Alaska Gov. Sean Parnell, a Republican, speaking at a press availability, called it “just another example of the federal government dragging its feet, killing jobs and making us even more reliant on oil from the Middle East and elsewhere, where as we can see from the situation in Egypt it’s very unstable.”

Begich said he has “talked to EPA Administrator Lisa Jackson multiple times, and will continue to make the case for Shell to be able to move forward with exploration.” He said Shell hopes to get the air permits it needs for 2012, and said he would continue to work with the company and EPA to make that happen.

“It is shameful to see another season lost,” Begich said.

Murkowski, the ranking member of the Senate Energy and Natural Resources Committee, said, “The EPA’s refusal, or simple inability, to issue key permits in a timely fashion is indefensible,” and called on the administration to review EPA’s handling of Shell’s permit applications.

She said the inability of the federal government “to process a straightforward air permit calls into question its willingness to support a rational energy policy.”
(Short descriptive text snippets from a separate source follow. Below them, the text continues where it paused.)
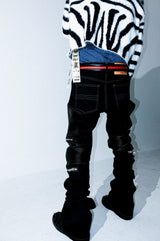 SLIM FLARE BIKER PANTS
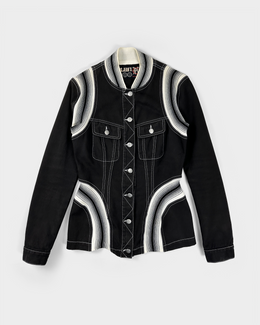 Jean Paul Gaultier Black & White Denim Jacket 1990's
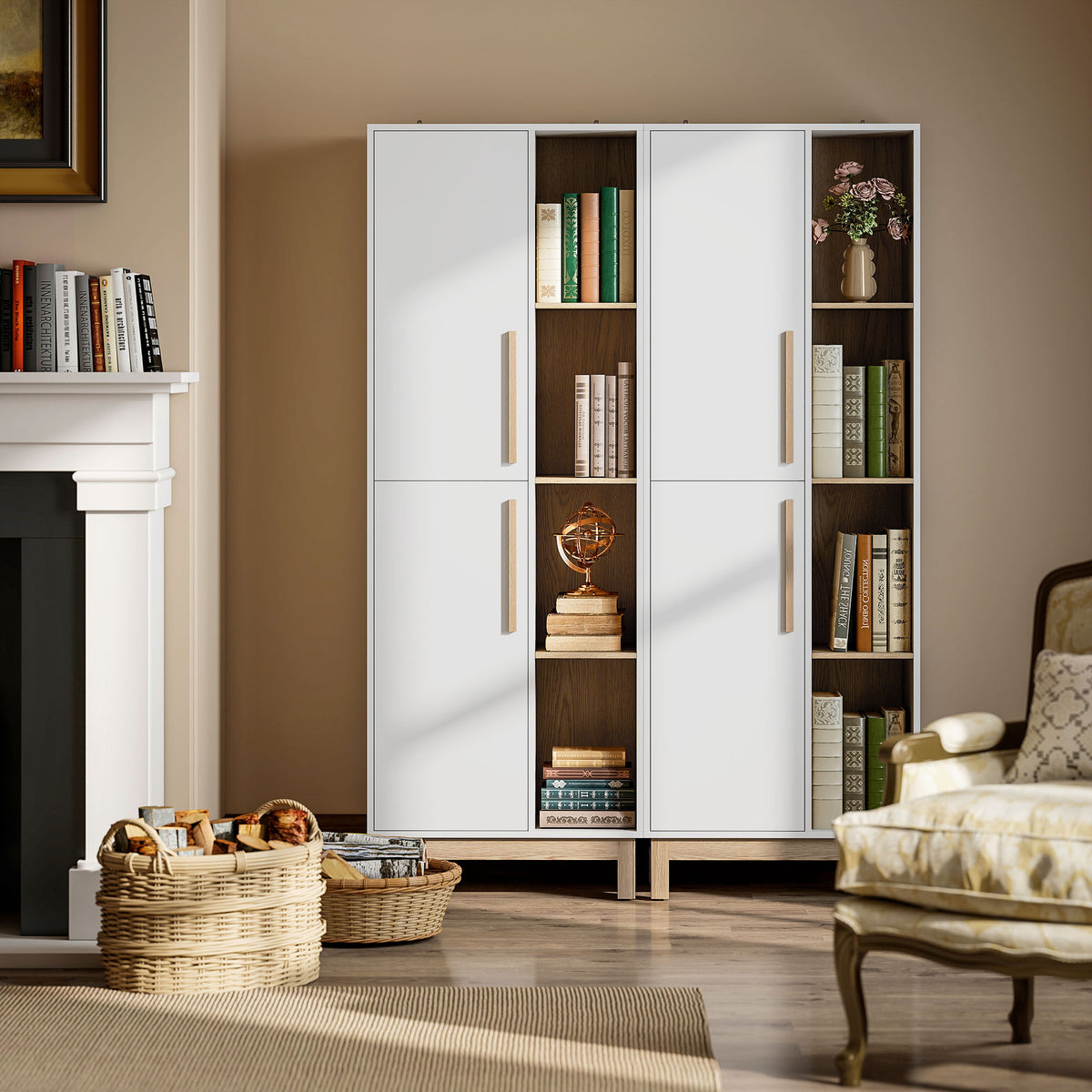 Meuble de Salle de Bain, Meuble de Rangement, 2 Portes, 4 Compartiments Ouverts et Étagères Réglables, Blanc et Naturel-8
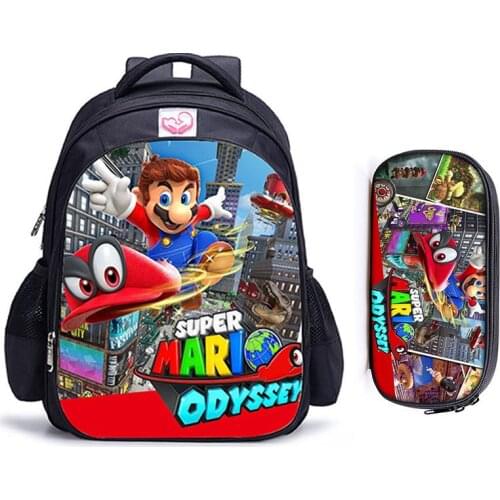16 Inch Mario Bros Children School Bags Orthopedic Backpack Kids Boys Girls Mochila Infantil Cartoon Bags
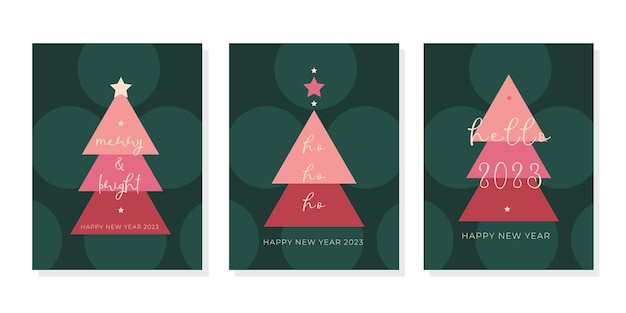 Set trendy Happy New Year greeting cards ho ho ho Merry Christmas template Minimalistic design green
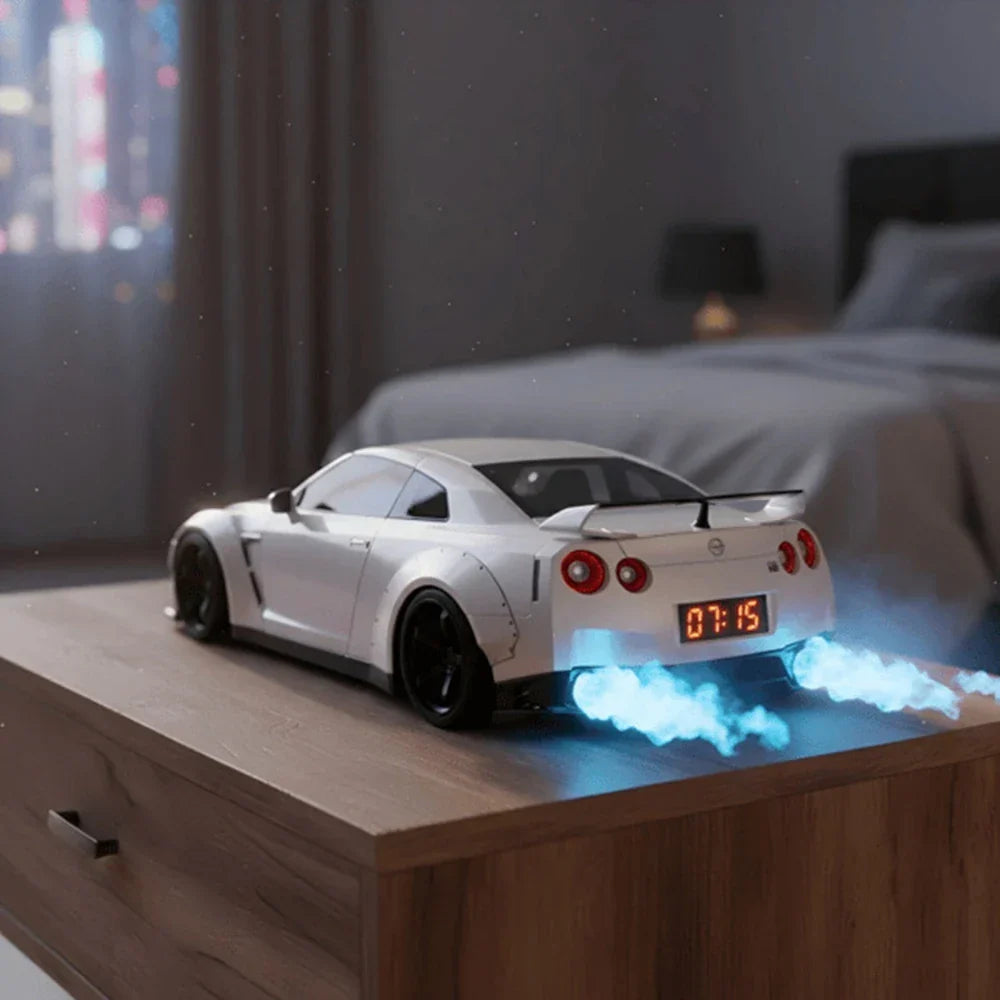 Supercar Alarm Clock with Engine Sound | LED Display, Flame &amp; Smoke Light Effects | Mains Powered, No Batteries Needed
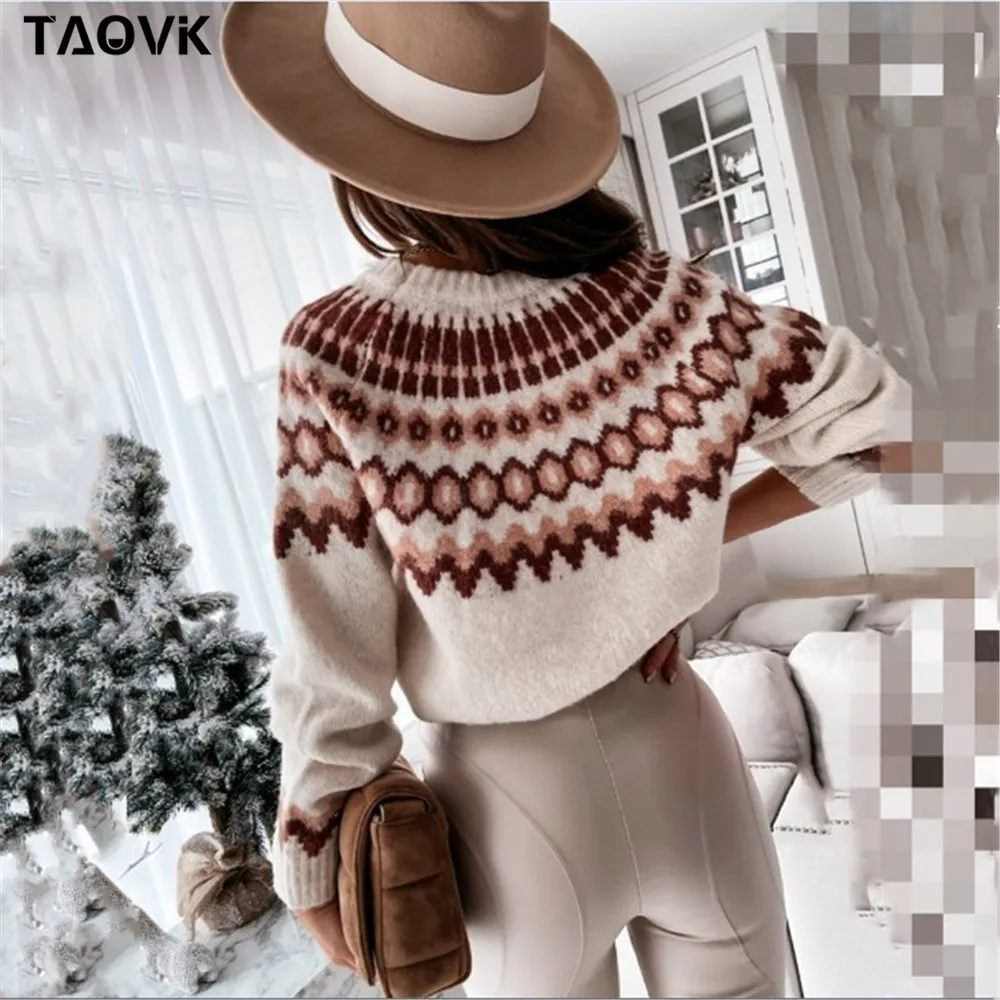 TAOVK Women Sweaters O-neck thick striped Pullovers Female long sleeve Knitting Tops contrast color Sky blue white Sweater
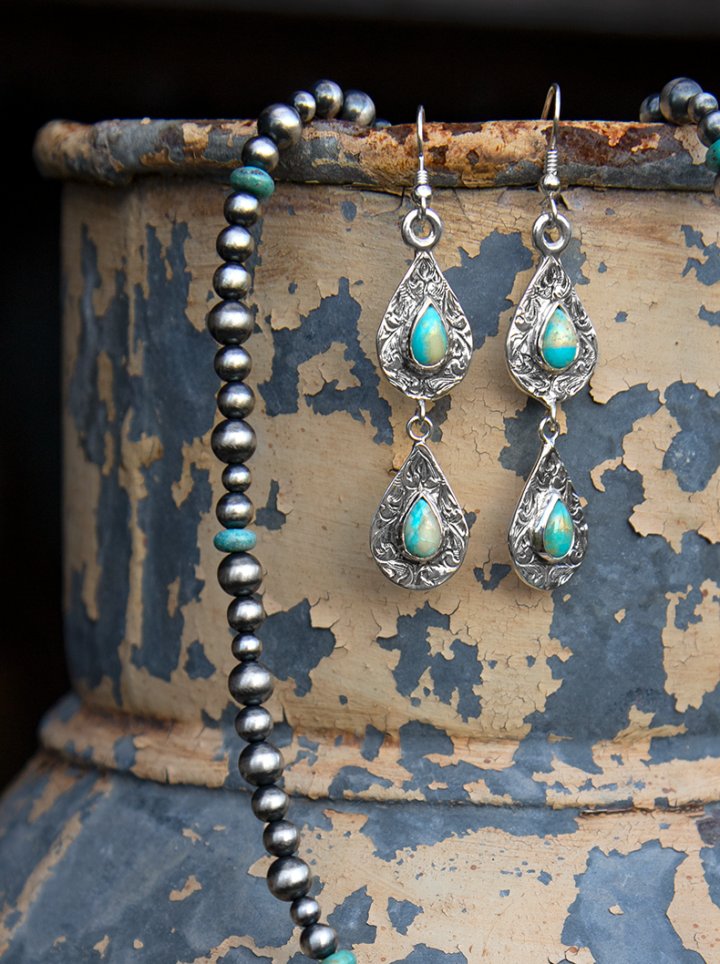 Desert Drop Turquoise Earrings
Young said “any attempt at project development is shut down by the EPA,” called the administration’s talk about jobs just lip service and said the country is being crippled. “They won’t be happy until we’ve run all business out of the country and we’re back to traveling on dirt roads in covered wagons.”

“It’s unfathomable that a company … can buy federal leases but can’t get onto them,” Parnell said. “It’s also unfathomable that they cannot get an air permit after five years of time that they can get in the Gulf of Mexico in a matter months.”